» WHAT TO DO: Omitting all images, set down every line below exactly as it appears.

» SOURCE DATA:
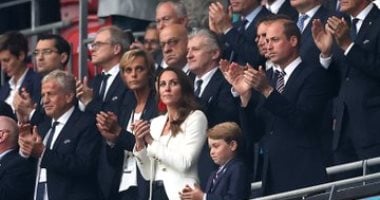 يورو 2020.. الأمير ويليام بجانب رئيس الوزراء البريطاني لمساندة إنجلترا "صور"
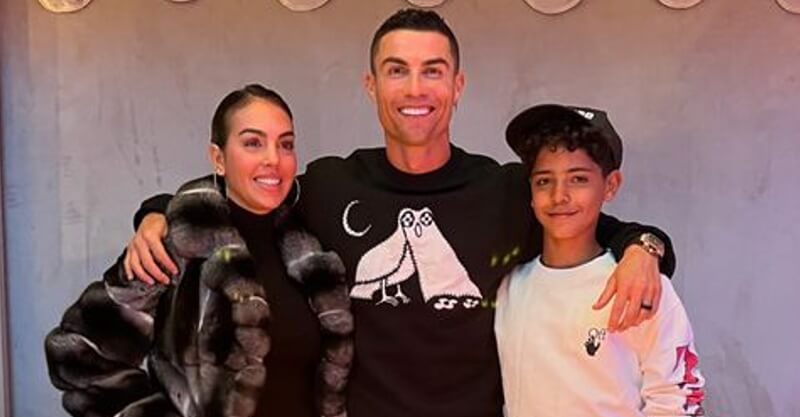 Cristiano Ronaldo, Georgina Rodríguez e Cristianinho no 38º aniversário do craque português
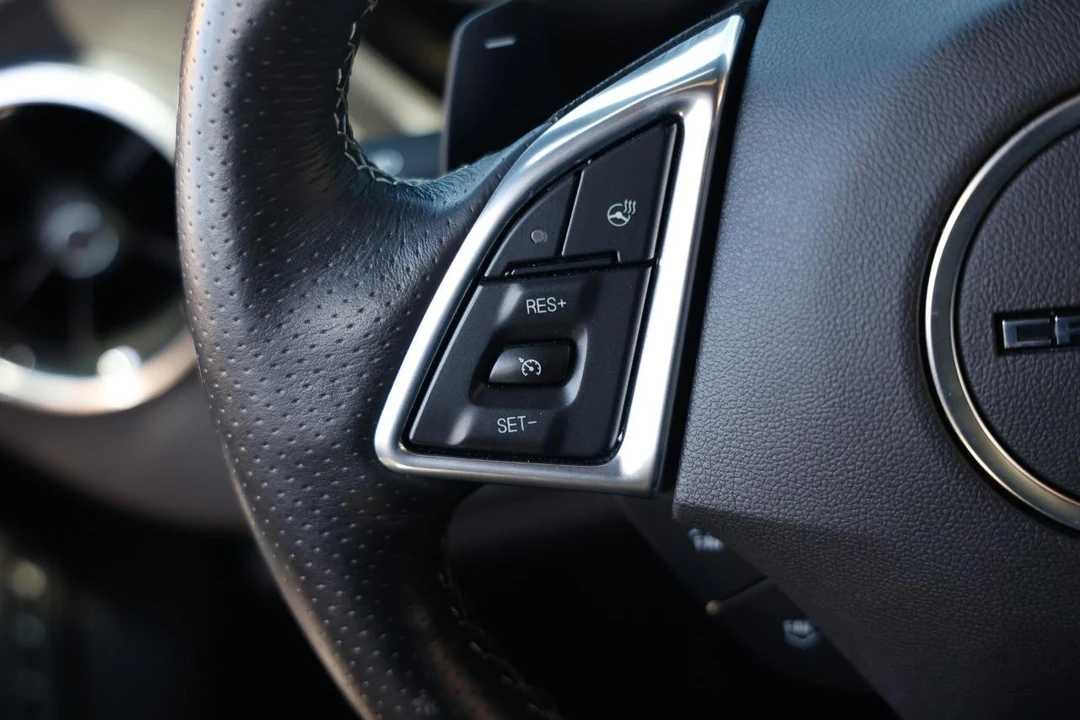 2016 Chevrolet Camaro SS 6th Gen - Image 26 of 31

» RESPONSE TO THIS TASK:
 يورو 2020.. الأمير ويليام بجانب رئيس الوزراء البريطاني لمساندة إنجلترا "صور"
 Cristiano Ronaldo, Georgina Rodríguez e Cristianinho no 38º aniversário do craque português
 2016 Chevrolet Camaro SS 6th Gen - Image 26 of 31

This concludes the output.